Aldo Anzures Tapia, who completed the Education Linguistics program in the Graduate School of Education, focuses on early childhood education in Indigenous contexts in Mexico. Family, friends, peers, and professors joined his online discussion, as did people from the town where he conducted his fieldwork. “After a defense, you want to hug people and you want to celebrate. In my case, it was just closing the computer,” he says. But “it did warm my heart to see so many people.”
For Douglas Guilbeault, who earned his Ph.D. from the Annenberg School for Communication, the remote defense provided a way to share with the important people in his life what he had spent the past five years doing.
“It’s the most significant and meaningful project I’ve ever done,” says Guilbeault, who starts as an assistant professor at the University of California, Berkeley, in July. “It was really special for me to think that all these people from different times in my life could hear about it at the same time. Everyone was in the same virtual room. It was cool to have that.”
Such a moment was unlike any Peter Dodson had experienced in nearly four decades of mentoring Ph.D. students. Carter and Erynn Johnson, his final two mentees, both defended their dissertations virtually to substantial audiences. “I was pleasantly surprised at how well both went,” says Dodson, who has appointments in the School of Veterinary Medicine and the School of Arts & Sciences. “Young people are more adept at technology than some of us old dinosaurs are, but both students are very good speakers and each gave the best presentations that they’ve ever given.”
Tarbi describes the experience as a “crazy blending of all worlds,” of committee members and professors, family members and friends from college, even nursing colleagues listening in from clinics, masks firmly in place.
Doctoral students, who take years to finish their degree, rely on peers, family, friends, faculty, and administrators along the way.
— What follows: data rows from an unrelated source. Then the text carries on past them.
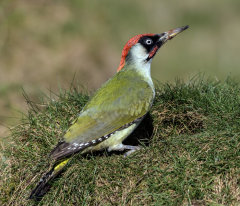 British & European Birds - Woodpeckers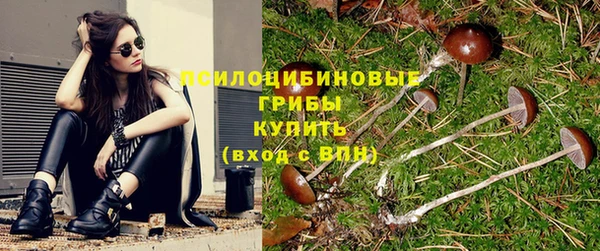 молекула духа Богородск
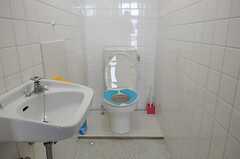 トイレの様子。手洗い場付きです。(2013-09-12,共用部,TOILET,1F)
But in light of pandemic-related circumstances beyond anyone’s control, the students’ support networks seem to have pushed even harder to ensure a smooth process.
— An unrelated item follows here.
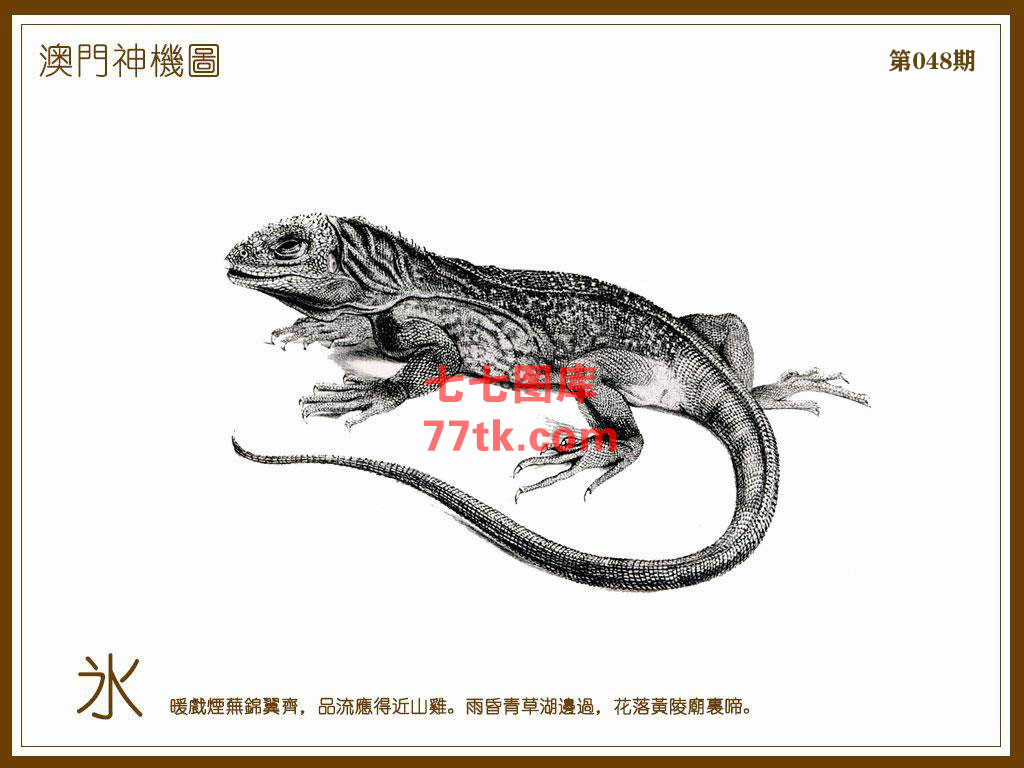 神机图 第48期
Guilbeault mentions Annenberg’s assistant dean for graduate studies, Joanne Murray, who worked out all the technical kinks leading up to his defense. Tarbi recalls how her advisor, Penn Nursing’s Salimah Meghani, graciously answered five frantic emails the week leading up to hers. Carter’s family and friends held a surprise virtual party for her after she finished.
“The thesis was exhausting, but the parties after were also exhausting,” she says. “What a great complaint to have.”
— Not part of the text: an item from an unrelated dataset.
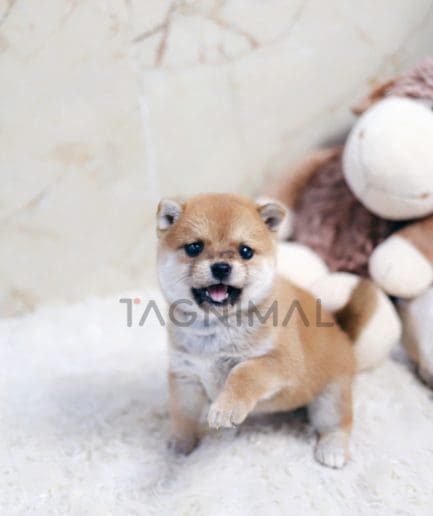 ขายลูกสุนัขชิบะ ซื้อสุนัข ซื้อหมา ได้ที่ Tagnimal 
And all still got to celebrate being called a doctor for the first time. Tarbi’s committee members left the public Blue Jeans room where she’d given her presentation and moved to a private room to discuss the talk. When the consultation finished, she and her committee reentered the room. “Welcome Dr. Tarbi,” said Meghani. Everyone cheered and clapped; Tarbi cut a cake on screen.
“Leading up to the defense, I had so much anxiety. Initially I was grieving the loss of this big ceremony I’d been looking forward to. But I adapted to it because there are so many things we’re grieving right now,” she says. “Then I had a lot of anxiety about the technology, which I think was displaced anxiety I would have had no matter what. On the day of, though, it was amazing.”